Let’s face it: I had no idea what a literary agent was when I first stepped in the doors of Dystel & Goderich Literary Management in the summer of 1999. I was an Urban Design and Architectural History student at NYU with a minor in the ever practical field of Dramatic Literature—that’s dramatic as in plays, not dramatic as in literature where lots of stuff happens (yes, I’ve actually gotten this question before).
So there I was…studying to be the next great urban planner, destined for a life of fame and glory. But in the meantime, I was stone broke and needed a part time job. I sent out 40 resumes to any and every listing on NYU’s career board that sounded interesting. Why’d I apply here? I liked books. That was it.
Stacey Glick was the first person to call me back. I had an interview the next day and accepted the job the day after that. One more day passed, and I got a call about the job I had really wanted: usher at Hammerstein Ballroom. It was too late: I had already committed to coming here.
On what was supposed to be my first day of employment here, I was stranded in the suburbs because some freak storm shut down all of the trains running into New York and most of the subways. An auspicious beginning.
As Miriam Goderich often tells me about my first few months here, “Jim, you were really weird.” And that’s likely true. Painfully shy, completely terrified to be working in an office with real people who seemed strangely important and powerful, I mostly kept to myself, spoke softly, and consumed buckets of Diet Coke. For some reason, Jane and Miriam remained convinced that I had some sort of talent and wasn’t just some 19-year-old moron. I don’t know what it was, but it was definitely not my hair, which resembled a calico oil slick. Regardless, they kept me around, and I started to learn just how involved the publishing process was. It was hugely intriguing. I think I had some vague notion that there was a small group of people out there who decided to be authors, so they wrote books, sent them to Manhattan, and then had books magically appear with names like “Random House” on the spine. And while I realize this is an author’s dream come true, I was personally much more excited to learn how much that was NOT the case.
Here’s a dirty secret (well, it would be a secret if I ever kept my mouth shut): I quit Dystel & Goderich three times. Each time, I went off to get a job in my “real” field of urban planning, but that never really worked out like I planned, so I kept coming back to my “fun” field of publishing. It took me about two and a half years to realize that I didn’t have to choose a career related to my major—I never claimed to be the quickest draw on the block.
In the intervening time, I had fallen in love with diving into the slush pile to see what was there. It was a thrill to charge into manuscripts hoping for the best, preparing for the worst (the attitude I still take when opening something new). I’ll confess my nerdiness: I also pulled DGLM titles off of shelves in bookstores and read the acknowledgements thinking, “Some day my name will be in one of these.”

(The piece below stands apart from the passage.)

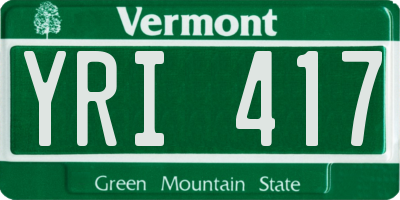 VT license plate YRI417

A full time job opened up as I happened to graduate from college. Kismet. I was told when the job was offered to me, “You realize this means you have to stop quitting and coming back.”
I didn’t sell the first project I ever signed on (though to this day, I remain convinced that it would have worked). And I didn’t sell the second. But I did sell the third, and I actually sold it pretty nicely. “They offered you what? For a paperback?”
I may have stumbled into it, but it’s been a blast ever since. I had a few criteria while I was in college for what my dream job would be: every day would be different, I’d work with fascinating people, I could wear jeans in the office, and I wouldn’t start my work day until 11:00 a.m. So…I missed out on that last one, but the first two were probably more important anyway. Maybe three. I really like wearing jeans.
It’s an honor to be involved in the process of ushering books to readers, as roundabout as that process sometimes seems. And I’m thrilled with the deeply accomplished group of authors on my list. Publishing is a team sport, and…wait, I don’t know enough about sports to make a good analogy here. They’re good folks, my authors. I’ll leave it at that.
Beyond that, I was supported by Jane and Miriam the entire way. Somehow they knew the weird kid with the bad hair might just be able to make a go at this crazy business, and they supported me every day, while also giving me just enough room to find my own footing. No one ever seems to leave the agency which is a testament to how well we all function together as a team but also how deeply rooted the generosity of support we receive is and has always been. I stumbled into this business, but Jane and Miriam invited me to stay. Here I am, ten years later. Damn, I’m getting old.